◆ **Assignment**: The required answer is an exact copy of every line from the beginning of the entries through the line with "a man in a boxing", with all pictures omitted.

━━━━━ Records ━━━━━

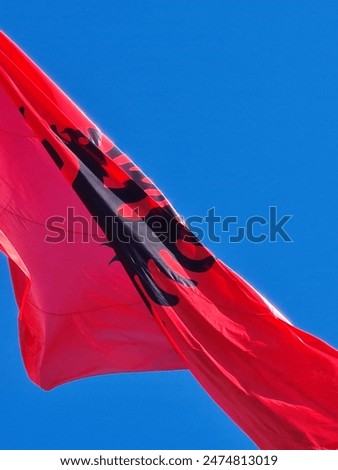 National flag of Albania on clear blue sky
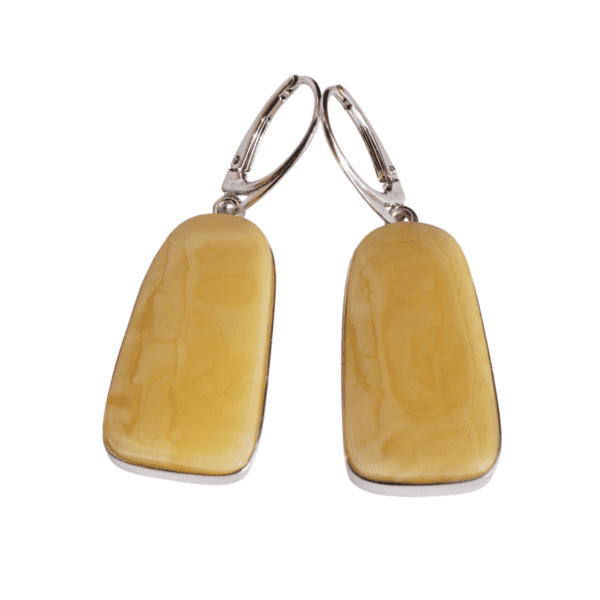 a pair of earrings with a yellow stone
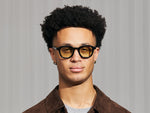 Model is wearing The DAHVEN in Black in size 47 with Limelight Tinted Lenses
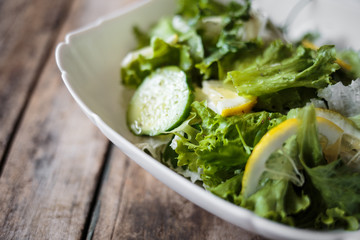 Fresh salad in white bowl on wooden background. Close up image of healthy food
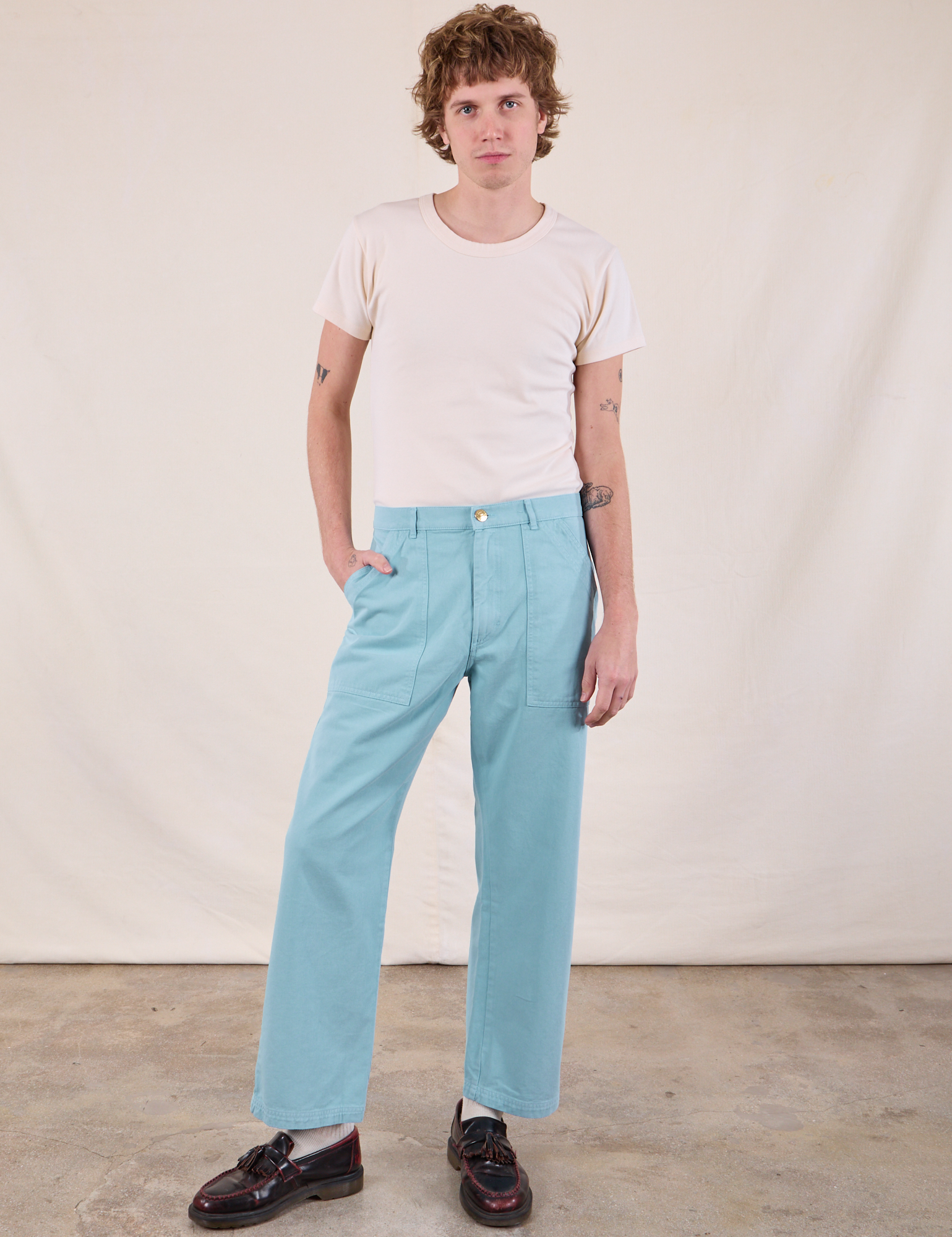 Quinn is 6’4” and wearing M Work Pants in Baby Blue paired with a Burly Tee in Vintage Tee Off-White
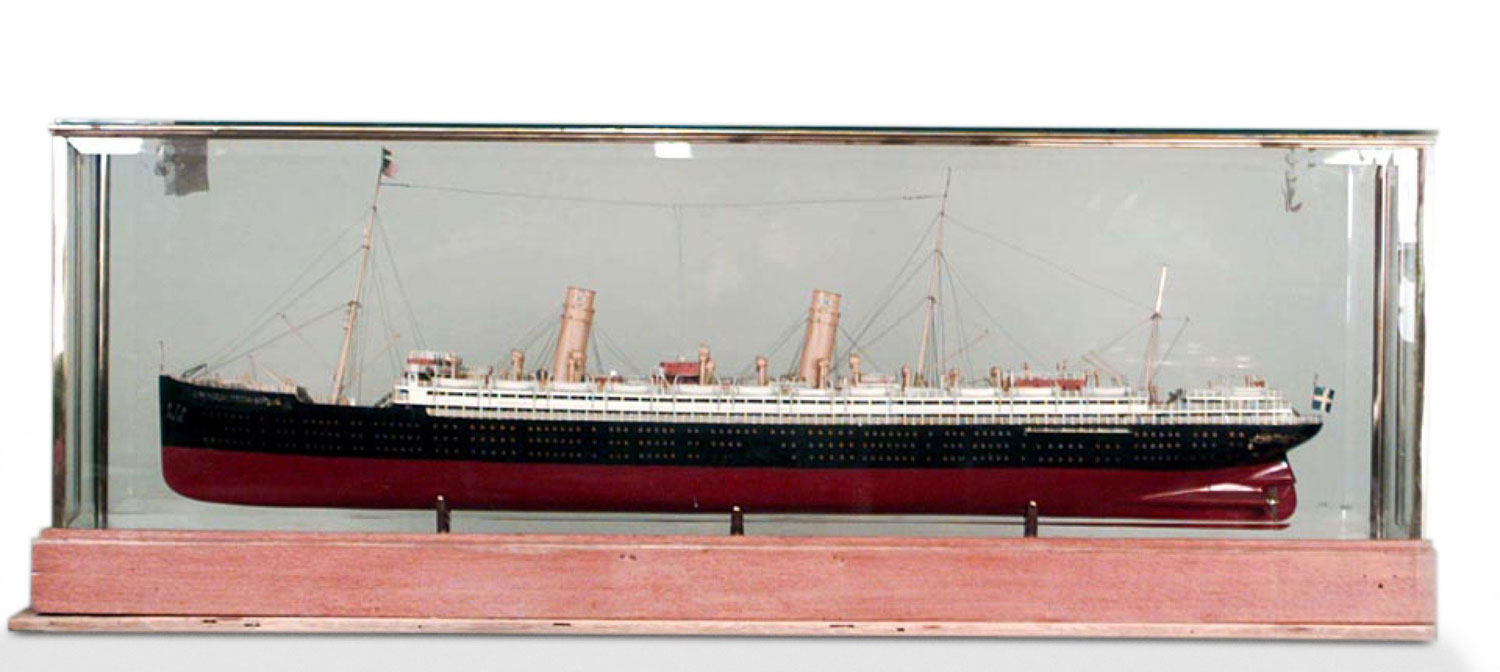 German luxury liner ship model in glass case
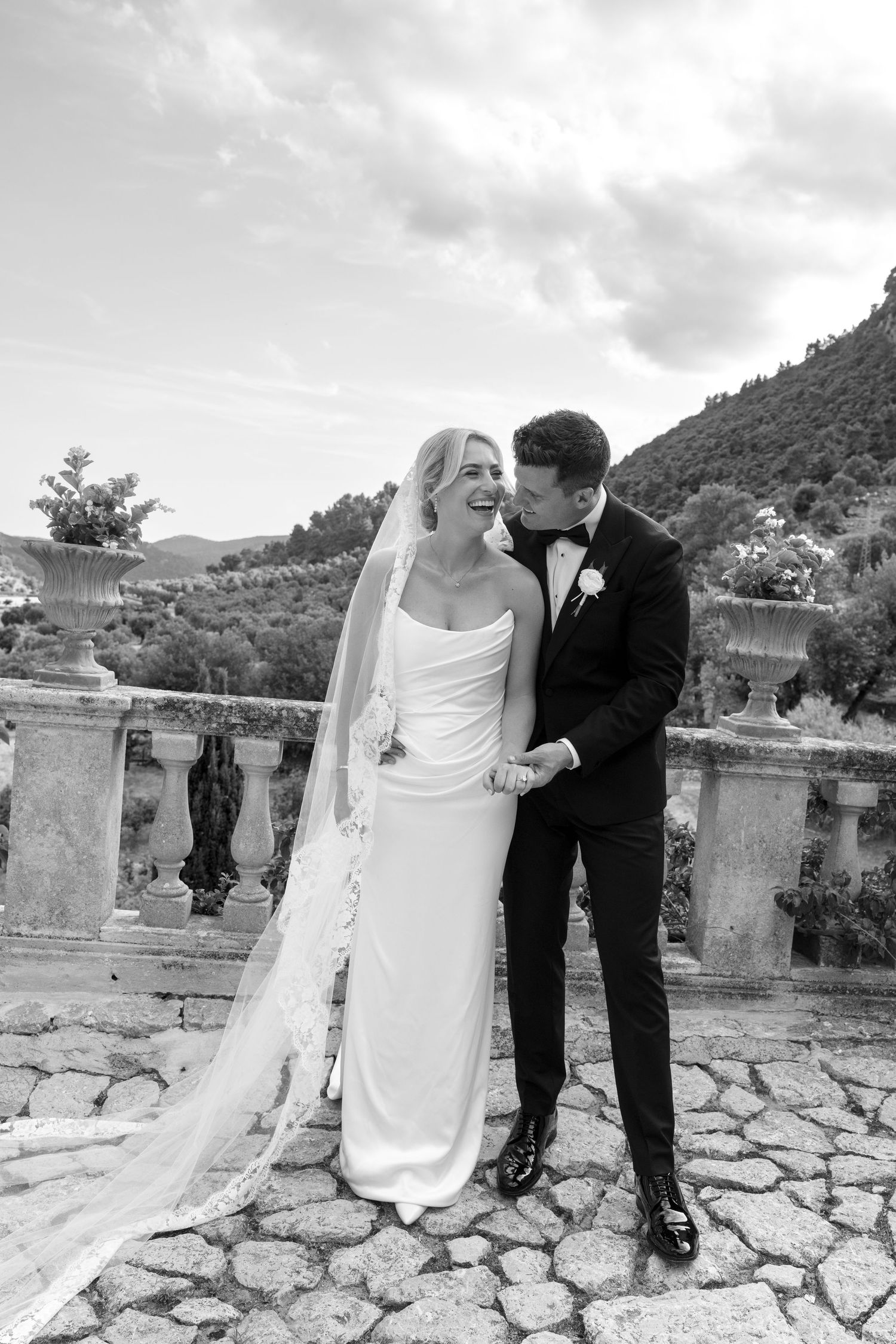 Black and white photo of a bride in a white gown and veil laughing as groom in tuxedo kisses her cheek outdoors.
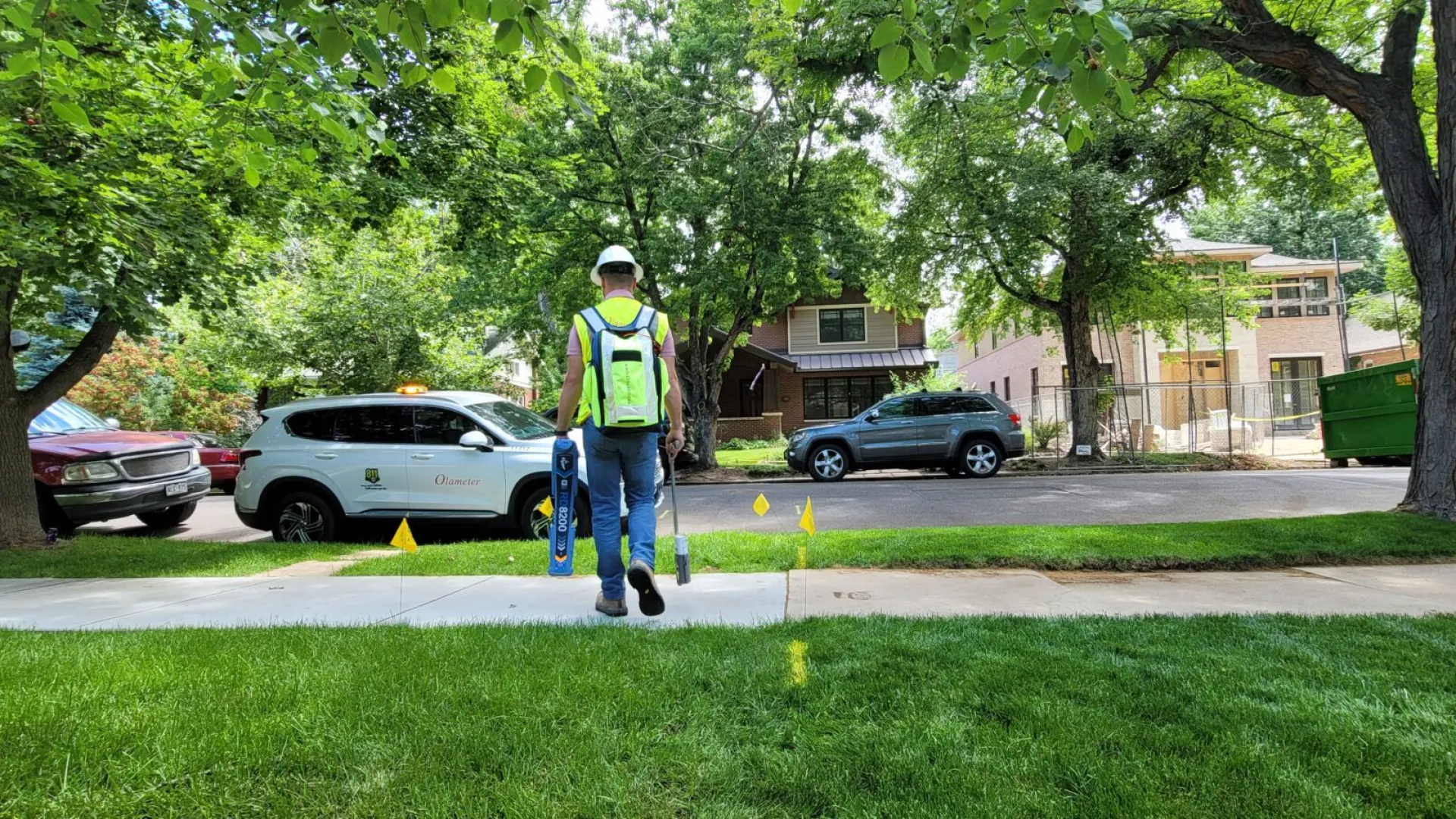 a person in a safety vest walking on the sidewalk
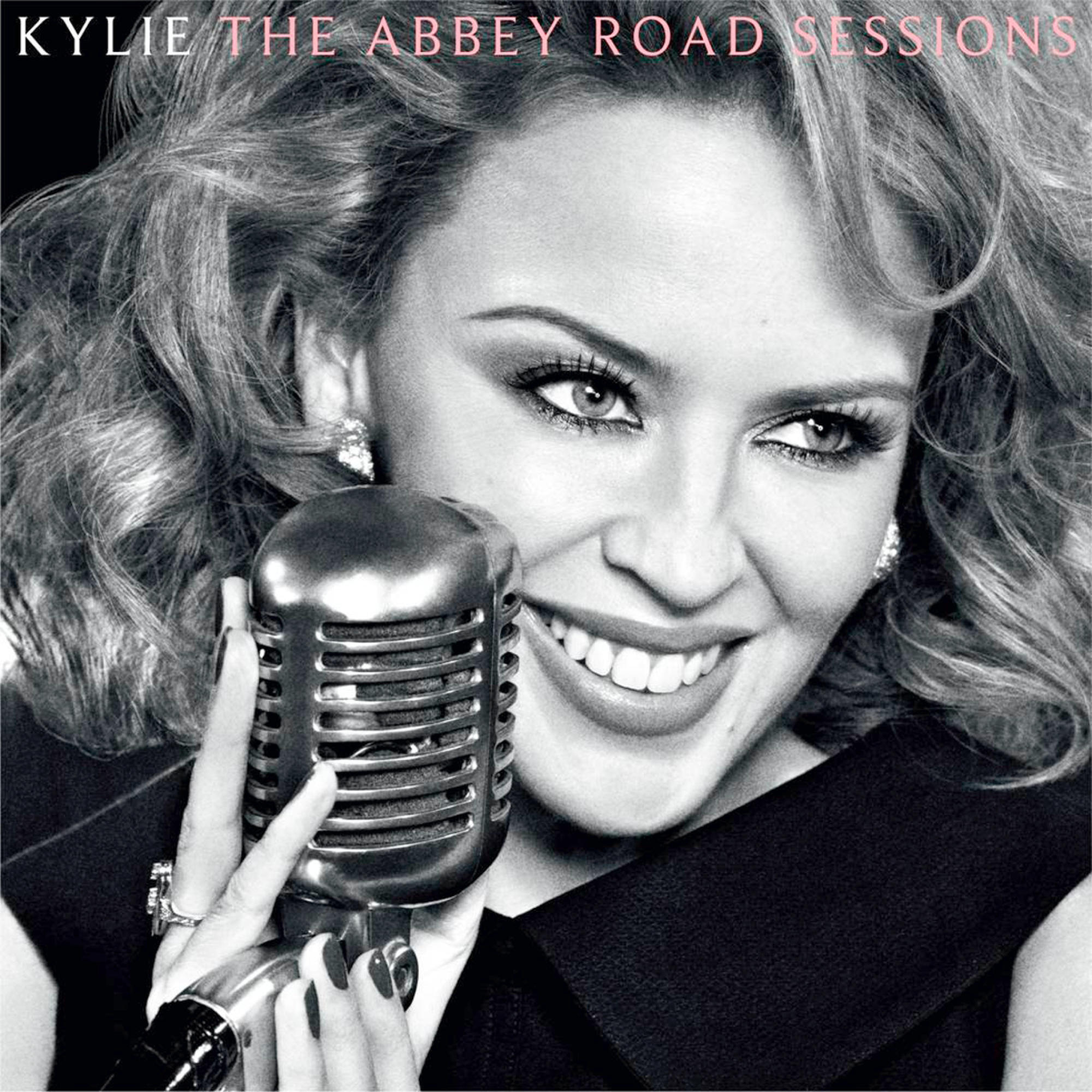 Kylie Minogue, die ein Mikrofon hält und lächelt, mit einem Mikrofon in der Hand.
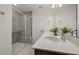 Modern bathroom featuring a glass shower, double vanity with quartz countertop, and neutral color scheme at 4002 Kidd Pl, Durham, NC 27703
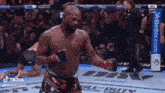 a man in a boxing ring with a banner for better.com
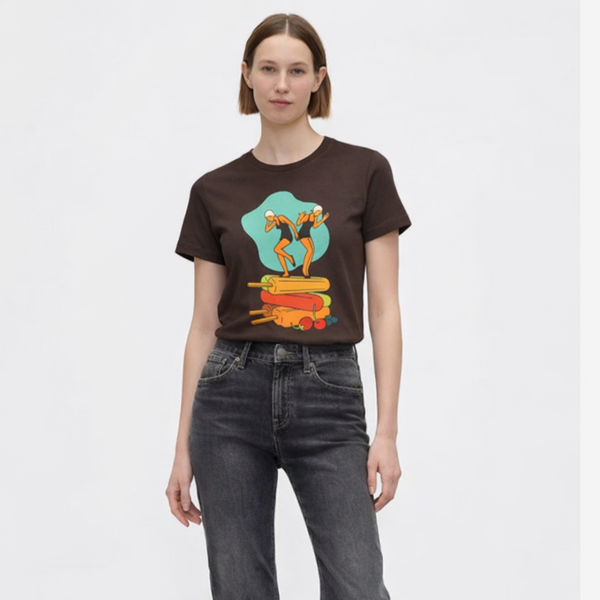 Person wearing a graphic t-shirt and dark jeans on a white background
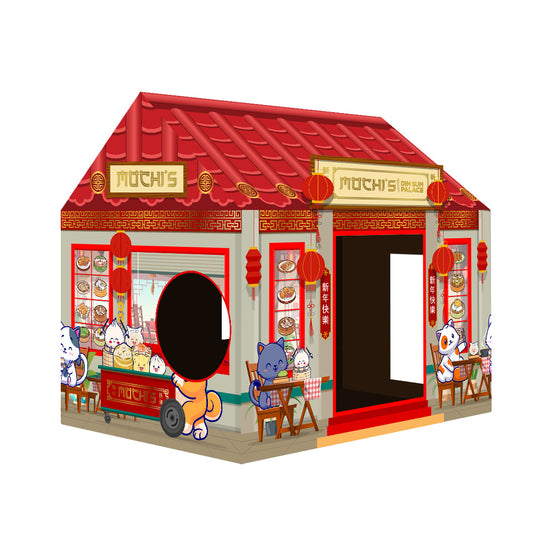 Angled view of a cardboard cat house designed like a traditional Asian-style shop with a red slanted roof, golden signboard, printed pillars, shelves of illustrated goods, and two entrances: a round cutout and a rectangular door.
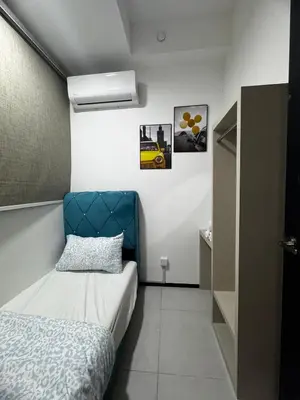 a bedroom with a bed and a blue headboard at Luxury Sea & City Views 3BR 12PAX in Jelutong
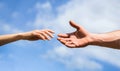 Hands of man and woman on blue sky background. Lending a helping hand. Solidarity, compassion, and charity, rescue Royalty Free Stock Photo
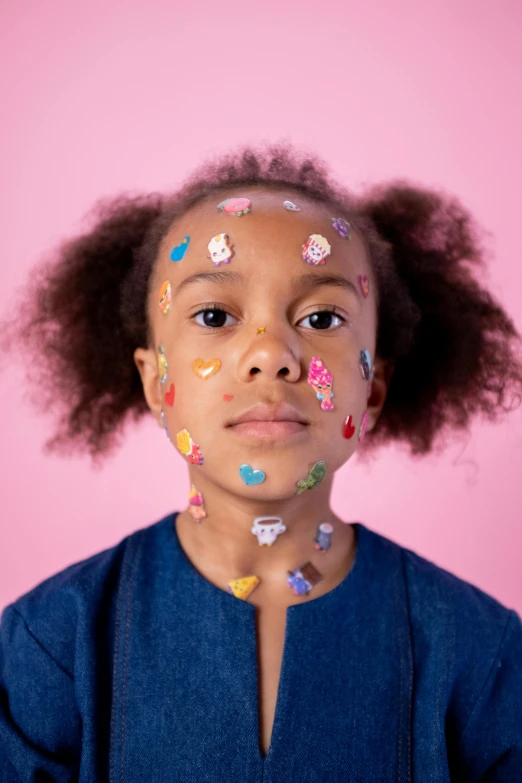 a little girl with paint all over her face, an album cover, inspired by Hikari Shimoda, trending on pexels, toyism, mixed-race woman, puffy sticker, covered in circuitry, aida muluneh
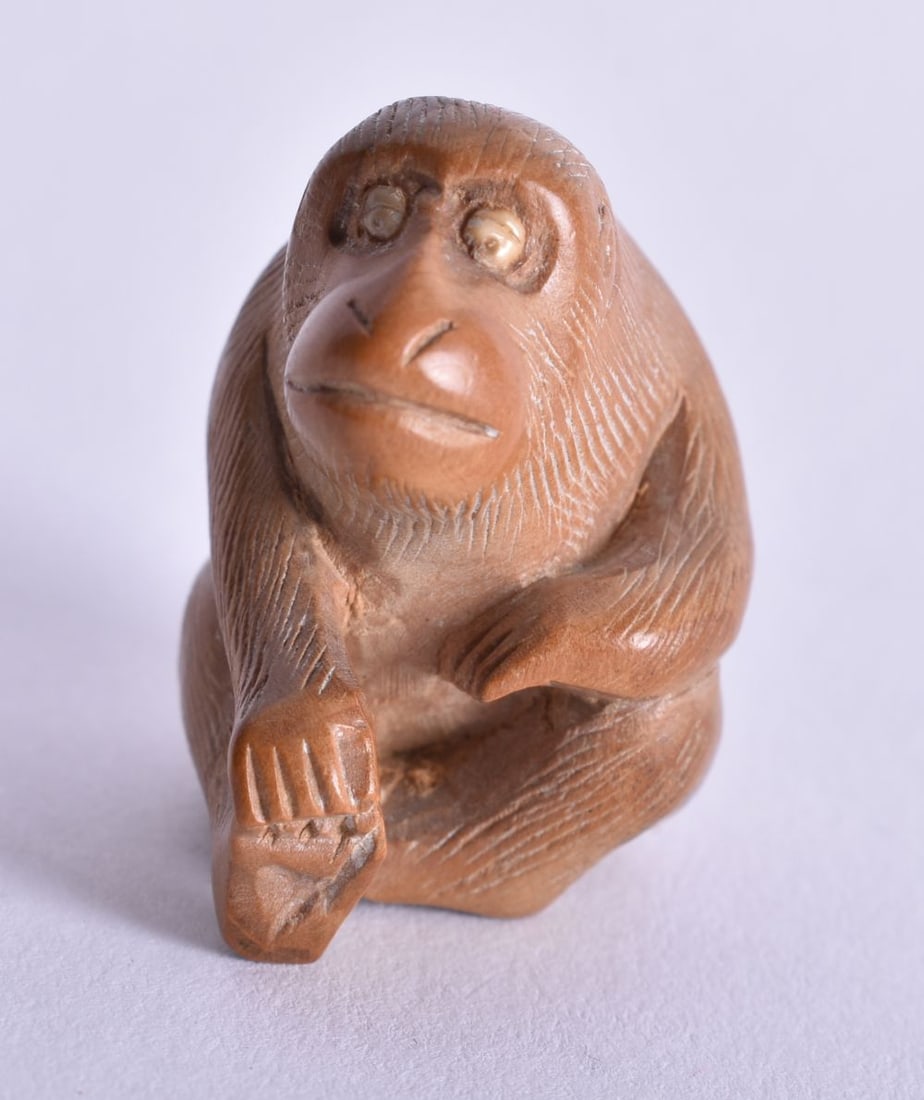 A JAPANESE TAISHO PERIOD WOOD MONKEY. 6.6 grams. 3 cm x 2.75 cm. (1 of 4)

━━━━━

◆ **Response**:
 National flag of Albania on clear blue sky
 a pair of earrings with a yellow stone
 Model is wearing The DAHVEN in Black in size 47 with Limelight Tinted Lenses
 Fresh salad in white bowl on wooden background. Close up image of healthy food
 Quinn is 6’4” and wearing M Work Pants in Baby Blue paired with a Burly Tee in Vintage Tee Off-White
 German luxury liner ship model in glass case
 Black and white photo of a bride in a white gown and veil laughing as groom in tuxedo kisses her cheek outdoors.
 a person in a safety vest walking on the sidewalk
 Kylie Minogue, die ein Mikrofon hält und lächelt, mit einem Mikrofon in der Hand.
 Modern bathroom featuring a glass shower, double vanity with quartz countertop, and neutral color scheme at 4002 Kidd Pl, Durham, NC 27703
 a man in a boxing ring with a banner for better.com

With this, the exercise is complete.